如果让我评选一个最喜欢的C/C++开源项目,那一定是Redis
对于问题“你认为Redis有如此高的性能原因是什么?”在今年上半年你依然可以回答说:
- 单线程无锁操作
- epoll
- 纯内存
- …
但自从Redis 6.0版本发布后,Redis迎来了第一个多线程版本,今天来分析学习一下Redis 6.0版本多线程相关的代码。
redis 6.0 中默认是不启用多线程网络 IO,可以通过修改 redis.conf 的相关配置项打开,打开方法如下所示:
# So for instance if you have a four cores boxes, try to use 2 or 3 I/O
# threads, if you have a 8 cores, try to use 6 threads. In order to
# enable I/O threads use the following configuration directive:
#
# io-threads 4
#
# Setting io-threads to 1 will just use the main thread as usually.
# When I/O threads are enabled, we only use threads for writes, that is
# to thread the write(2) syscall and transfer the client buffers to the
# socket. However it is also possible to enable threading of reads and
# protocol parsing using the following configuration directive, by setting
# it to yes:
#
# io-threads-do-reads no
#
将 io-threads 打开(去掉前面的 # )设置成你期望的线程数目,io-threads-do-reads 配置也要打开(去掉前面的 # ),其值改为 yes。
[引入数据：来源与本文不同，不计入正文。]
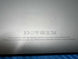 Product image thumbnail 3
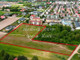 Działka na sprzedaż - Bartoszowa Sokołów Podlaski, Sokołowski, 11 097 m², 4 780 000 PLN, NET-611/3992/OGS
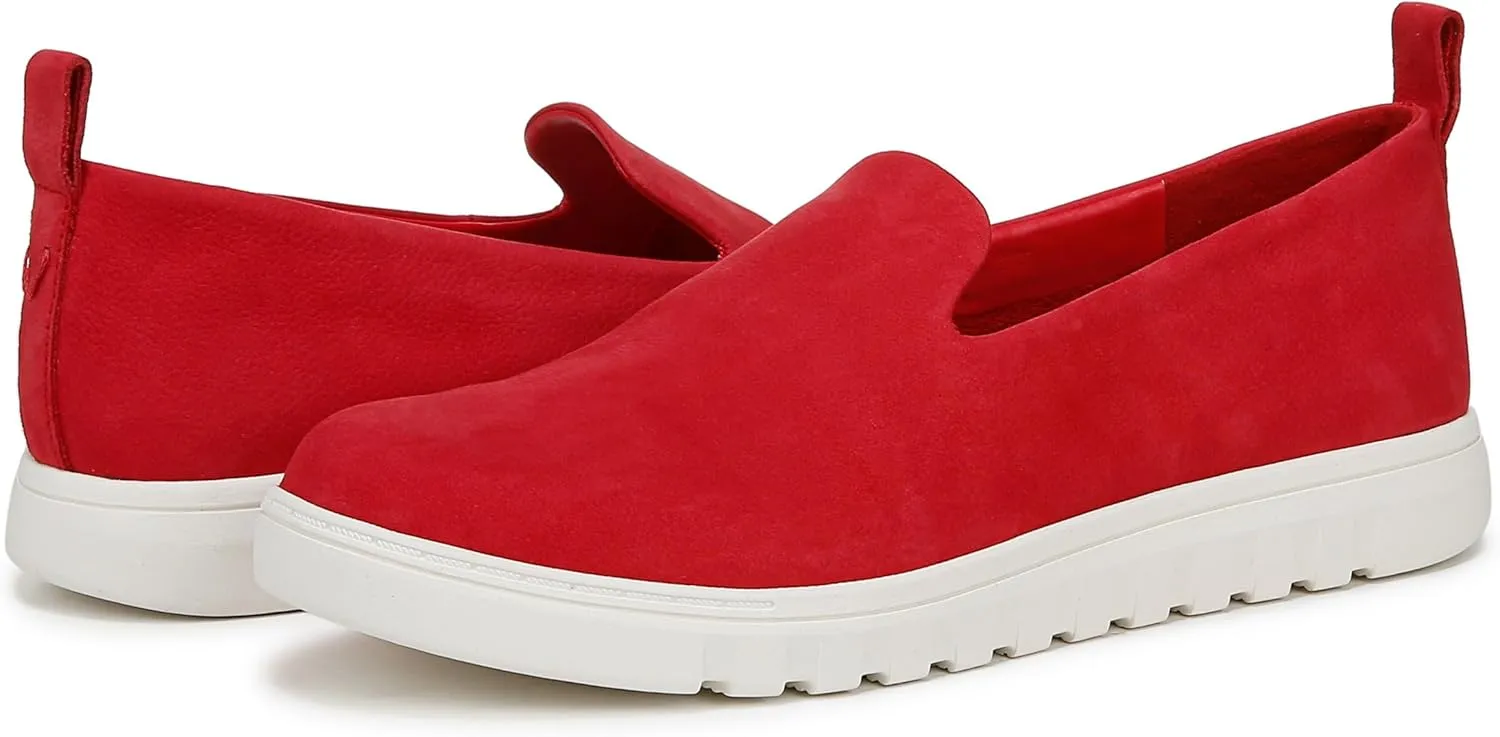 Vionic Women's Uptown Willa Loafer
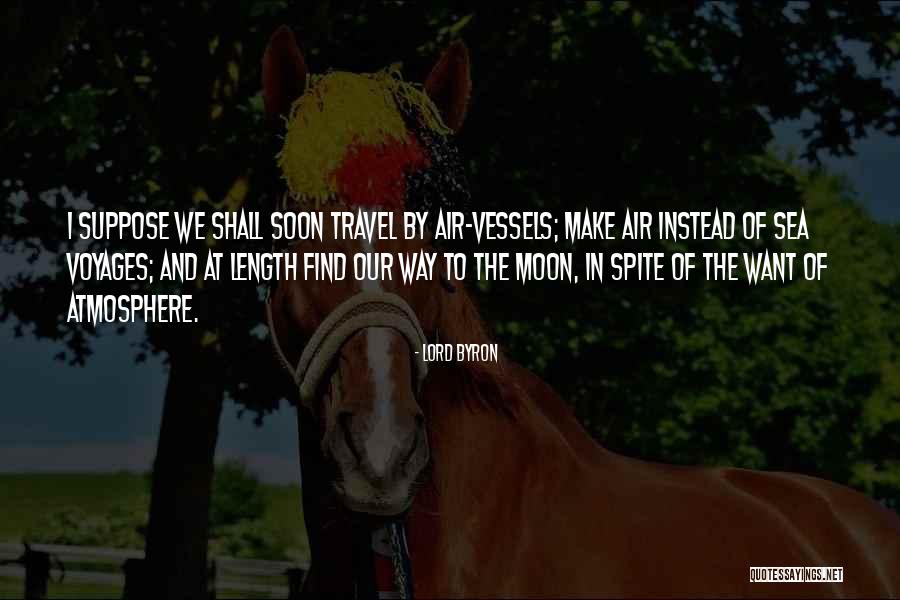 Mansmann Paris Quotes By Lord Byron Mansmann Paris Quotes By Lord Byron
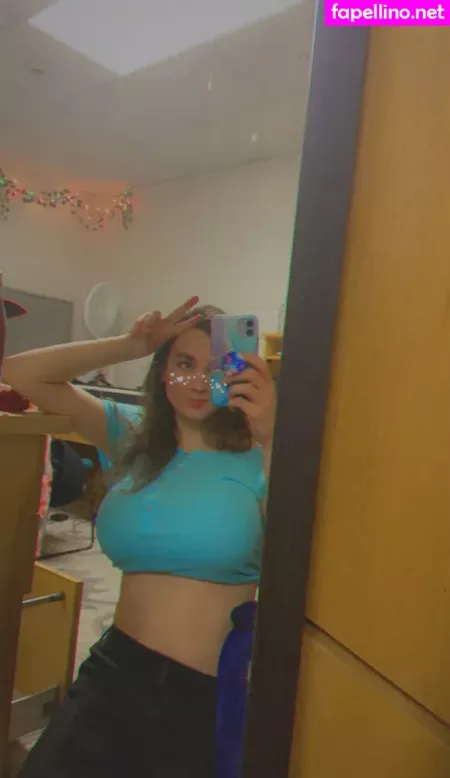 Kylie OnlyFans Thumbnail #nyClxmlNlt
修改了这两个配置项后,我们使用 gdb 命令 set args "../redis.conf"
给 redis-server 设置参数,然后重启 redis-server。
(gdb) set args "../redis.conf"
(gdb) r
The program being debugged has been started already.
Start it from the beginning? (y or n) y
Starting program: /root/redis-6.0.3/src/redis-server "../redis.conf"
[Thread debugging using libthread_db enabled]
Using host libthread_db library "/usr/lib64/libthread_db.so.1".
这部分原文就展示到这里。